Databricks notebook is taking 2 hours to write to /dbfs/mnt (blob storage). Same job is taking 8 minutes to write to /dbfs/FileStore. I would like to understand why write performance is different in both cases.

Surendra
New Contributor III

Problem statement:

  • Source file format : .tar.gz
  • Avg size: 10 mb
  • number of tar.gz files: 1000
  • Each tar.gz file contails around 20000 csv files.

Requirement : 

Untar the tar.gz file and write CSV files to blob storage / intermediate storage layer for further processing.

What I have tried:

unTar and write to mount location (Attached Screenshot):

Here I am using hadoop FileUtil library unTar function to unTar and write CSV files to target storage (/dbfs/mnt/ - blob storage).

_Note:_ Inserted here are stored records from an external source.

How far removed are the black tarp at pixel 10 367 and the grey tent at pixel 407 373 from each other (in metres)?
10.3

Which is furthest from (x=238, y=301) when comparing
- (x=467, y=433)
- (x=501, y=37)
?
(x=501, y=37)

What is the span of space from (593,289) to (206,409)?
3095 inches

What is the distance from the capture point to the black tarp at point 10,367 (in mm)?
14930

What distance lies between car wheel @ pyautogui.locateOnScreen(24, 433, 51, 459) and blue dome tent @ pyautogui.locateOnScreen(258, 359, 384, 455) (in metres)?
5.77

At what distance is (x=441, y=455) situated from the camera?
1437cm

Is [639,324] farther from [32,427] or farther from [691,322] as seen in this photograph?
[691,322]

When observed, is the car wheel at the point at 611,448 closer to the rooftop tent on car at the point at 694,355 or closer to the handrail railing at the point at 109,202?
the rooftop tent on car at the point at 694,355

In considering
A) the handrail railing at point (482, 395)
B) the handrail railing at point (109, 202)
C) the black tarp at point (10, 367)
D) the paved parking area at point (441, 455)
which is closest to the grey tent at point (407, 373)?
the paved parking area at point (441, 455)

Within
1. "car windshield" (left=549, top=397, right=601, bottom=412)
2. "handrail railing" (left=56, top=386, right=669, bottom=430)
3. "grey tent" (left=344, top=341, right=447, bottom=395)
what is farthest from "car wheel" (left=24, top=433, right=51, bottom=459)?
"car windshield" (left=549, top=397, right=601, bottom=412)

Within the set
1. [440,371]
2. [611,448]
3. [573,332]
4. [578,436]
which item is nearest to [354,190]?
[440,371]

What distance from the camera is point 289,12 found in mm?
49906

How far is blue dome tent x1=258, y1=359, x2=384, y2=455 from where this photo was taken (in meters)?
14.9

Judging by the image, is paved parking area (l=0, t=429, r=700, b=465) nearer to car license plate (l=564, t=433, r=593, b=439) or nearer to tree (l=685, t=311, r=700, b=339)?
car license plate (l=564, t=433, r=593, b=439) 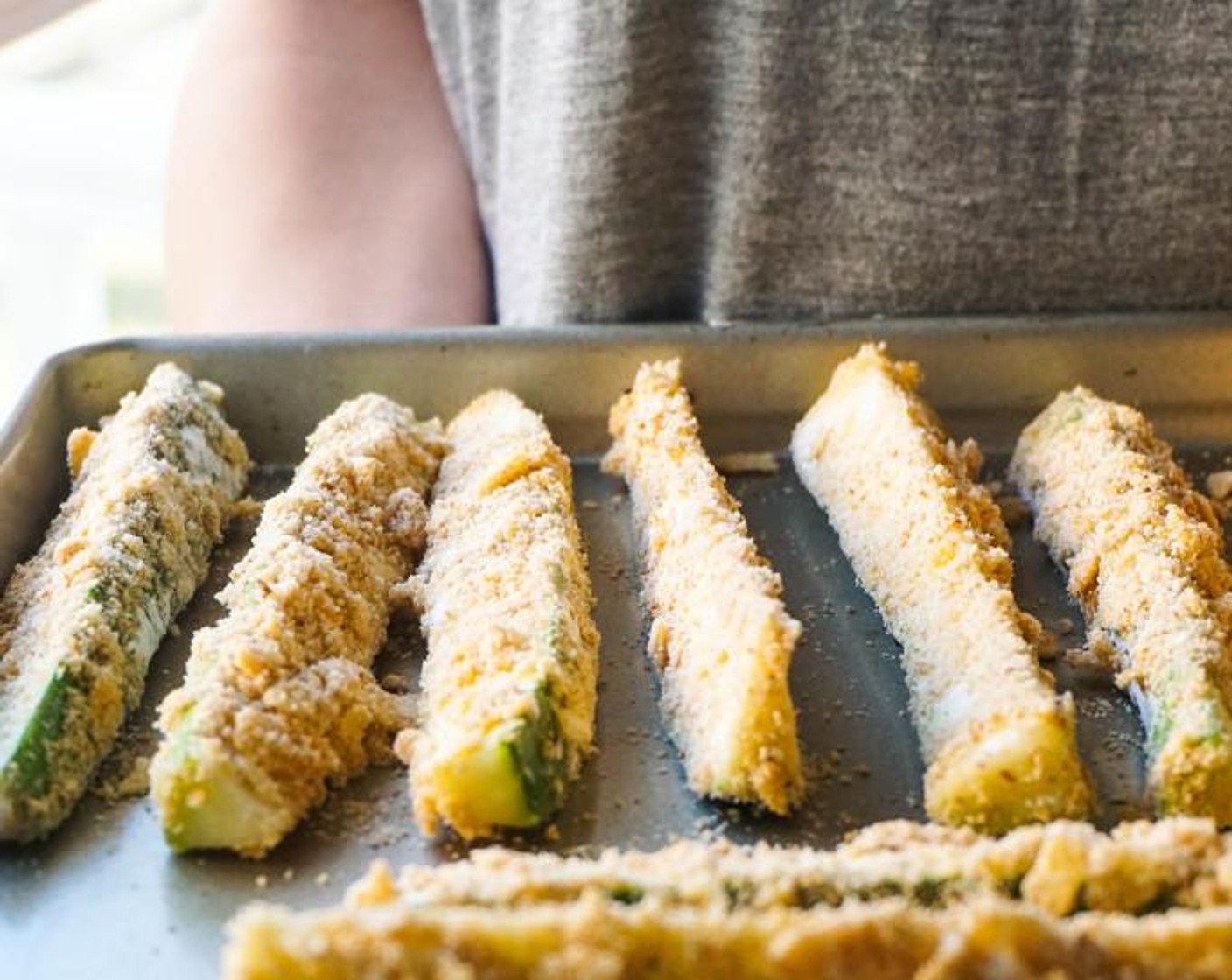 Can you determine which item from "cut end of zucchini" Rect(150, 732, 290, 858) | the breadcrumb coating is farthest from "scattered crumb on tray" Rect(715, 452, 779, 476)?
the breadcrumb coating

it takes 1.50 hours to complete the job with 2 worker nodes (4 cores each) cluster. 

databricks_write_to_dbfsMountUntar and write to DBFS Root FileStore:

Here I am using hadoop FileUtil library and unTar function to unTar and write CSV files to target storage (/dbfs/FileStore/ ) it takes just 8 minutes to complete the job with 2 worker nodes (4 cores each) cluster.

databricks_write_to_dbfsMount 

Questions: 

Why writing to DBFS/FileStore or DBFS/databricks/driver is 15 times faster that writing to DBFS/mnt storage?

what storage and file system does DBFS root (/FileStore , /databricks-datasets , /databricks/driver ) uses in backend? What is size limit for each sub folder?